TASK GOAL =
Copy every line of the material below exactly.

AVAILABLE DATA =
*** Block opens ***

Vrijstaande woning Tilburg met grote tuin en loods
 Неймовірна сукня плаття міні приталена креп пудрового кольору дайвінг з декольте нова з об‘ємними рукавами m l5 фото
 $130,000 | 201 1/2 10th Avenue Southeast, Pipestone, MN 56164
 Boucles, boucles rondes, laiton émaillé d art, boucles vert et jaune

*** Block closes ***

PROBLEM SOLUTION =
Vrijstaande woning Tilburg met grote tuin en loods
 Неймовірна сукня плаття міні приталена креп пудрового кольору дайвінг з декольте нова з об‘ємними рукавами m l5 фото
 $130,000 | 201 1/2 10th Avenue Southeast, Pipestone, MN 56164
 Boucles, boucles rondes, laiton émaillé d art, boucles vert et jaune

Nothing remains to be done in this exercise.